Terry Jones of Monty Python dies at 77 after battling with dementia, his agent says




Terry-Jones of Monty Python

Terry Jones, a member of the Monty Python comedy troupe, has died. He was 77 and had been suffering from dementia.

Jones’s agent says he died Tuesday evening. In a statement, his family said he died “after a long, extremely brave but always good-humored battle with a rare form of dementia, FTD.”

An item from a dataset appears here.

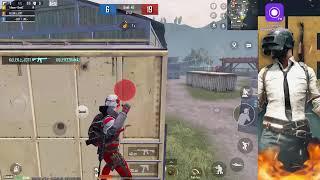 20 FINISHES m416: BGMI LIVE /Tufaan Singh PUBG Live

Jones’s wife, Anna Soderstrom, and children Bill, Sally and Siri, said “we have all lost a kind, funny, warm, creative and truly loving man whose uncompromising individuality, relentless intellect and extraordinary humor has given pleasure to countless millions across six decades.

“His work with Monty Python, his books, films, television programs, poems, and other work will live on forever, a fitting legacy to a true polymath,” they added.

Terry-Jones of Monty Python

Born in Wales in 1942, Jones attended Oxford University, where he began writing and performing with fellow student Michael Palin.

After leaving university, he wrote for seminal 1960s comedy series including “The Frost Report” and “Do Not Adjust Your Set.” At the end of the decade he, Palin, Eric Idle, John Cleese, Graham Chapman, and Terry Gilliam formed Monty Python’s Flying Circus, whose surreal, irreverent humor helped revolutionize British comedy.

Jones wrote and performed for the troupe’s early-70s TV series and films including “Monty Python and the Holy Grail” in 1975 and “Monty Python’s Life of Brian” in 1979.

Playing the mother of Brian, a hapless young man who is mistaken for Jesus, he delivered one of the Pythons’ most famous lines: “He’s not the Messiah. He’s a very naughty boy!”